Your reply should hold exactly the lines from the one that contains "Vera Bradley Women's" through the end of the data. Repeat them word for word.

#### DATA PROVIDED:
==============================

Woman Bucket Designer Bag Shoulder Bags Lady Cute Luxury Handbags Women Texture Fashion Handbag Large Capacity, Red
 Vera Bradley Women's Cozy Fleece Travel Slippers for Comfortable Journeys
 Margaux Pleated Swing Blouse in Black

==============================

#### ANSWER SECTION:
 Vera Bradley Women's Cozy Fleece Travel Slippers for Comfortable Journeys
 Margaux Pleated Swing Blouse in Black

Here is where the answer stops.